PHP Webshells on Linux: Cookie-Controlled Evasion

Introduction

Microsoft has published new research on a stealthy PHP webshell technique affecting Linux hosting environments. Instead of using obvious URL parameters or request bodies, attackers are using HTTP cookies as the trigger and control channel for malicious execution, making these webshells harder to spot in normal web traffic and application logs.

For security teams and administrators managing Linux-hosted web apps, this matters because the technique enables low-noise persistence, delayed activation, and more evasive post-compromise access.

What’s new

Microsoft observed multiple PHP webshell variants that all rely on cookie-gated execution:

• Cookie-controlled activation: The webshell stays inactive unless the attacker sends specific cookie values.
• Layered obfuscation: Some variants dynamically rebuild PHP functions and execution logic at runtime to avoid static detection.
• Payload staging: Several samples reconstruct and write secondary payloads to disk only when the required cookie conditions are met.
• Interactive webshell behavior: Simpler versions use a single cookie as a key to enable command execution or file upload.
• Cron-based persistence: In one investigated case, attackers used legitimate hosting control panel workflows to register scheduled tasks that recreated the malicious PHP loader if it was removed.

Why this is harder to detect

Cookies often receive less scrutiny than request paths, query strings, or POST bodies. In PHP, cookie values are directly accessible through $_COOKIE, which makes them a convenient input channel for attackers. Combined with obfuscation and staged payload deployment, this allows malicious files to appear inert during normal traffic and activate only during deliberate attacker interactions.

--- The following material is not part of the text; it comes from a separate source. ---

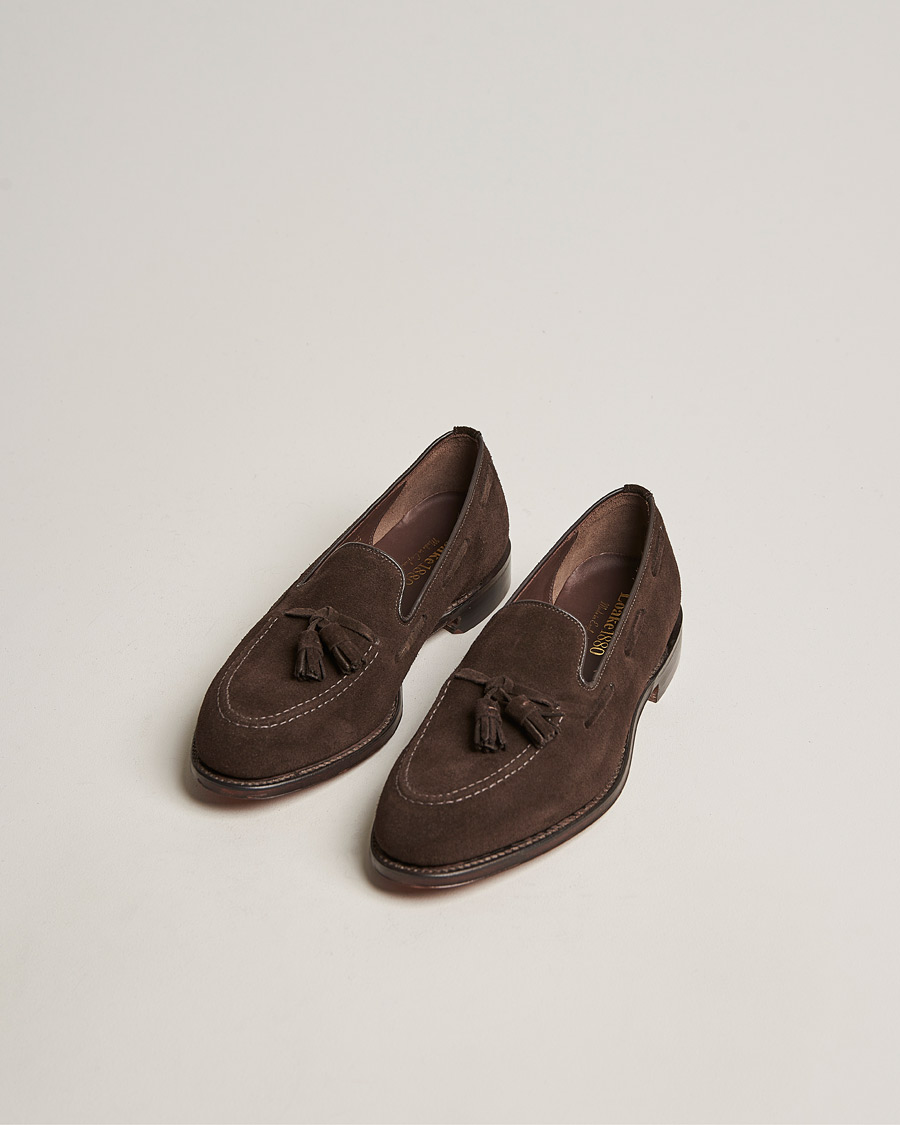 Men | Handmade shoes | Loake 1880 | Russell Tassel Loafer Chocolate Brown Suede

Impact on administrators and defenders

For IT and security administrators, the key risk is persistent remote code execution within a compromised hosting account, even without root-level access. In shared hosting or restricted shell environments, attackers may still have enough permissions to:

• Modify web content
• Deploy PHP loaders
• Recreate deleted malware through cron jobs
• Maintain long-term access with minimal logging footprint

This can complicate remediation, especially when a “self-healing” scheduled task restores the webshell after cleanup.

Recommended next steps

Administrators should review Microsoft’s guidance and prioritize these actions:

• Audit PHP applications and web roots for suspicious obfuscated scripts
• Review scheduled tasks and cron jobs for unauthorized persistence mechanisms
• Monitor cookie patterns associated with unusual server-side execution
• Enable and investigate Microsoft Defender XDR detections and threat analytics
• Hunt for web-accessible PHP files that write or include secondary payloads
• Tighten file integrity monitoring and permissions in Linux hosting environments

Organizations running internet-facing PHP workloads should also ensure incident response playbooks include cron persistence checks, cookie-based webshell hunting, and follow-up validation after cleanup.